La experiencia entrevistando a personas recluidas de su libertad por crímenes violentos me ha demostrado que, a veces, incluso siendo más bajo de estatura y con un profundo vínculo afectuoso de amistad, alguien puede degollar a otro con un simple cuchillo de cocina y con un solo corte sin retomas o múltiples intentos, porque la fuerza por ira por venganza puede ser tan enorme que esas escenas presentaban un cadáver más afín al de un caso de decapitación.
Las víctimas de bullying u hostigamiento en cualquiera de sus formas (insultos, humillaciones, vacíos, rumores maliciosos o apodos ofensivos por parte de sus pares en la escuela) pasan por procesos de estrés crónico, tristeza, depresión, frustración y vergüenza por sus rasgos evidentes e inmutables, sumado al aislamiento social.
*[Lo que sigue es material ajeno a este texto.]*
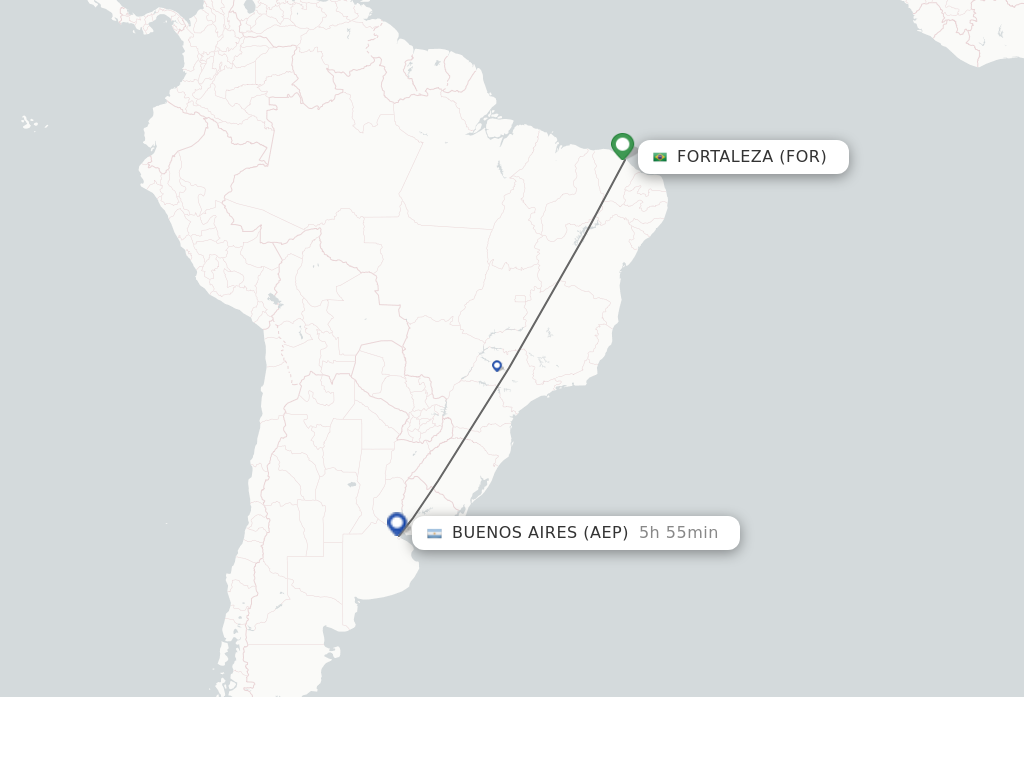 Flights from Fortaleza to Buenos Aires route map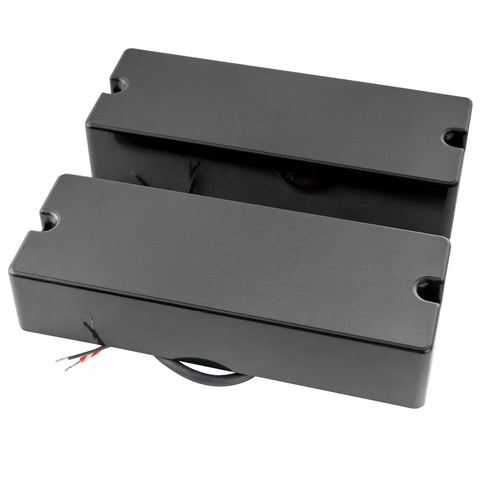 MDC5 Ceramic Magnet Soapbar Style Bass Pickup Set for 5 String Neck and Bridge with 14.4K Output, shown in black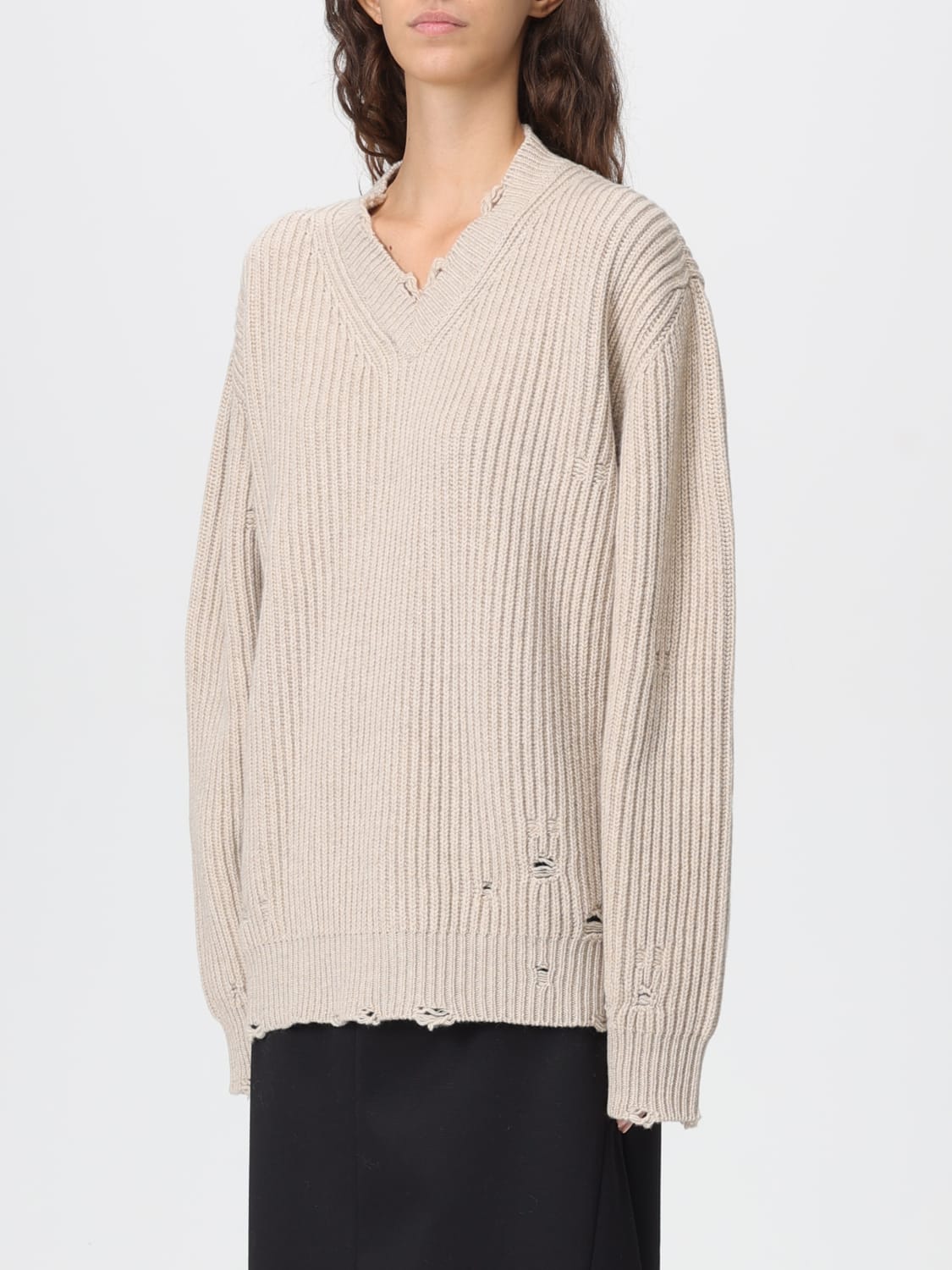 MM6 MAISON MARGIELA SWEATER: Sweater woman Mm6 Maison Margiela, Beige - Img 4
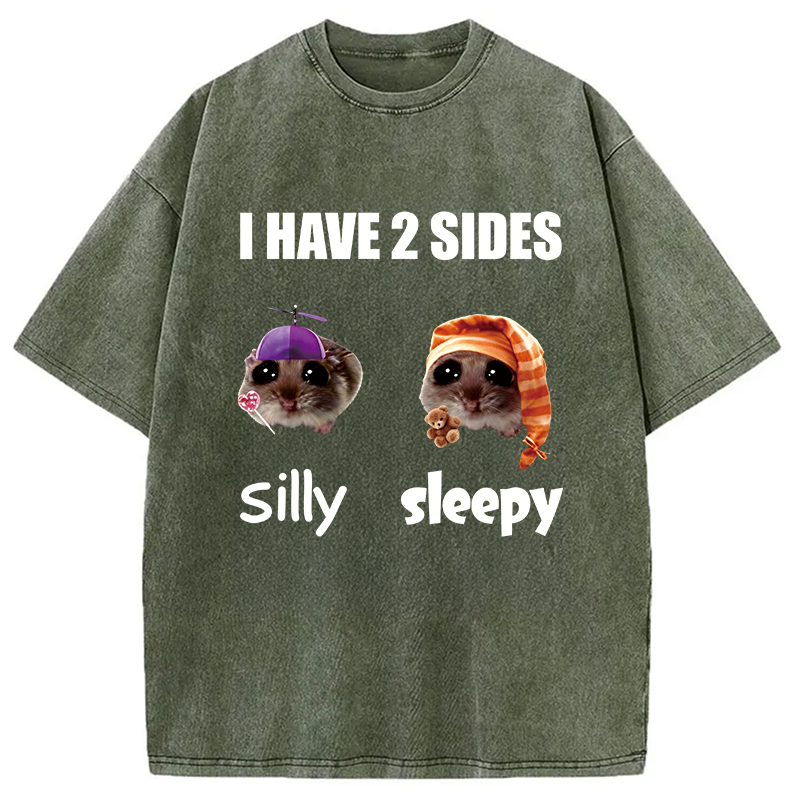 Modecanvas I Have 2 Sides Silly Sleepy Rat Meme DTG Printing Washed T-Shirt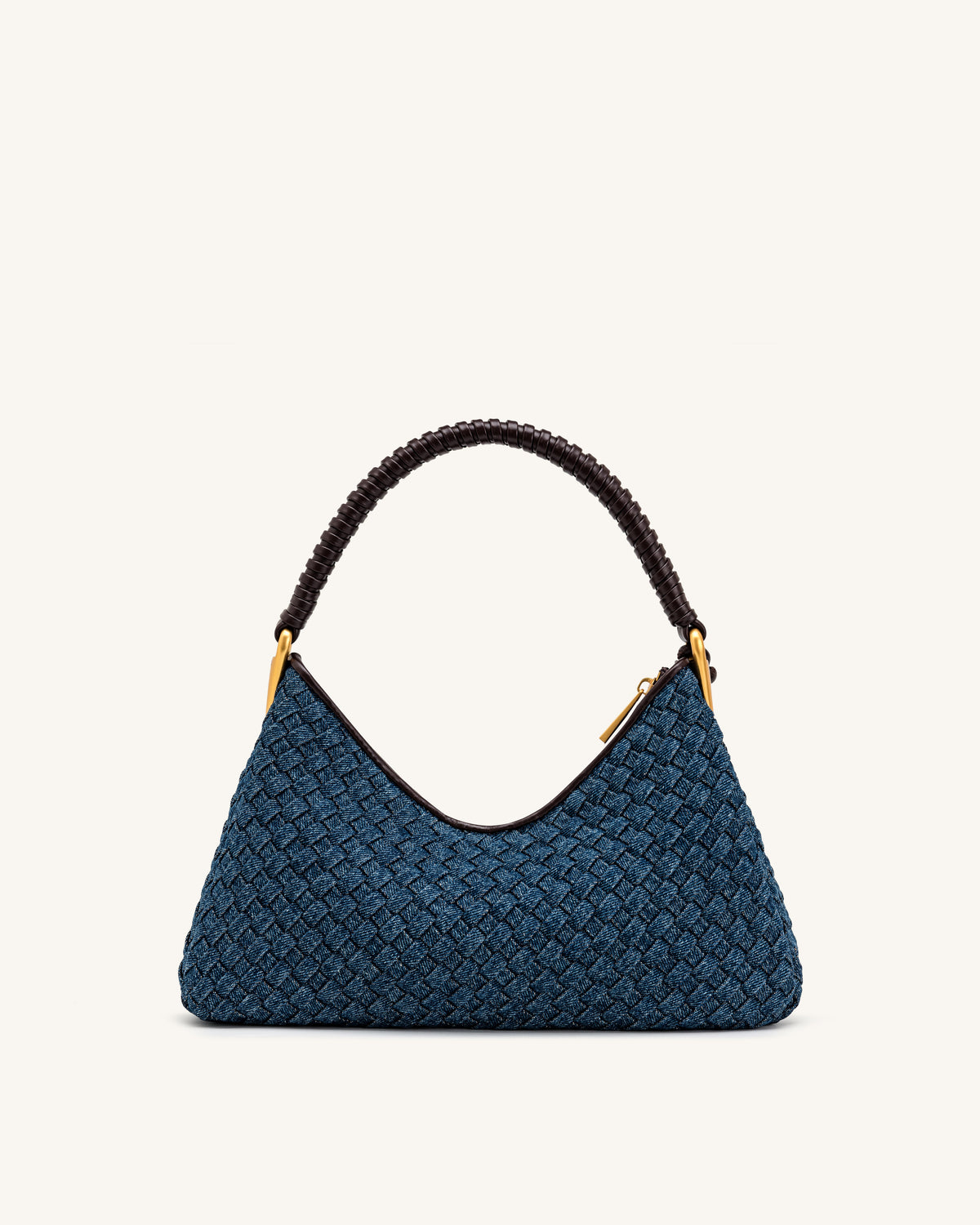 Lorena Woven Denim Shoulder Bag - Dark Blue | JW PEI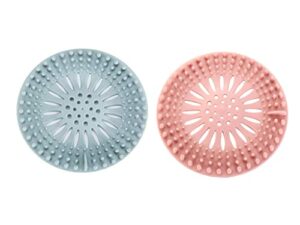 2 pack shower drain hair catcher,durable shower drain cover protectors silicone hair clog stopper for bathroom bathtub kitchen easy to install and clean suit (pink,cyan)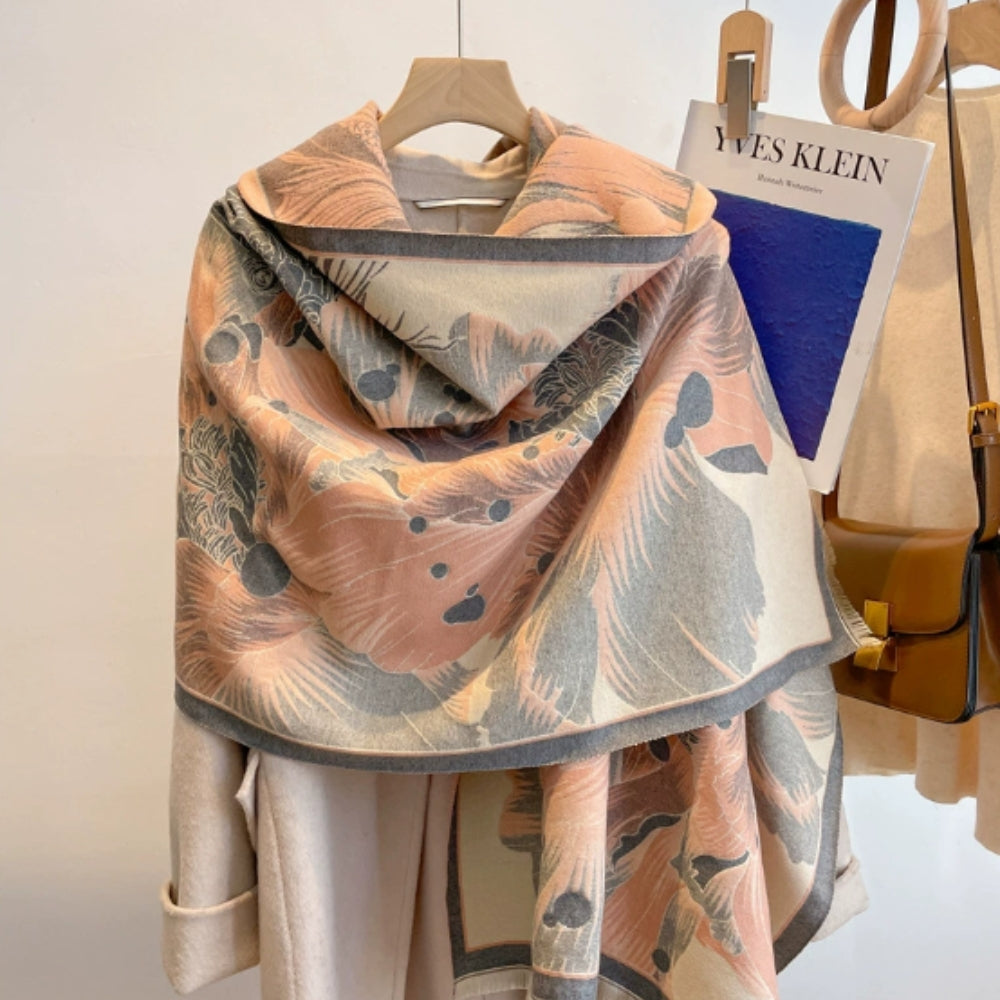 Schal Jacquard Blütenmuster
Llegan, incluso, a autoexcluirse de las redes sociales por temor a que lo que padecen se prolongue en el ciberbullying y su sufrimiento se magnifique en el ciberespacio, pasando a ser chicos retraídos y casi invisibles, salvo cuando son hostigados. Otra vez, quizás la práctica de artes marciales haya sido, para Joaquín Sperani, un salvavidas, más que un pasatiempo.
La gravedad de estas conductas antisociales pareciera resultar indiferente en algunos establecimientos escolares que, por acción u omisión, deciden no activar protocolos o reprender a los hostigadores, generando una especie de apoyo social a esta agresión sostenida en el tiempo, como si estuviesen alentándola frente a los otros.
Hay países donde, como corresponde, se las considera una problemática seria y se recurre a diversas propuestas restaurativas, entre las que está la del criminólogo australiano John Braithwaite sobre la “vergüenza reintegrativa”, en la que, como consecuencia de sus actos, a los hostigadores se les hace sentir que entre sus pares esta conducta es vergonzosa y reprochable, sin condenarlos a ellos como personas, porque las personas aprenden del error y cambian, mucho más a esa edad.
Porque es “reintegrativa”, la propuesta es volver a integrar de un modo conciliatorio, fomentando la empatía con los sentimientos de las personas y humanizándolas, fortificando los lazos sociales y aprendiendo a respetar lo que perciben como diferente, evitando caer en la “vergüenza desintegrativa” y destructiva que el propio bullying trae aparejado.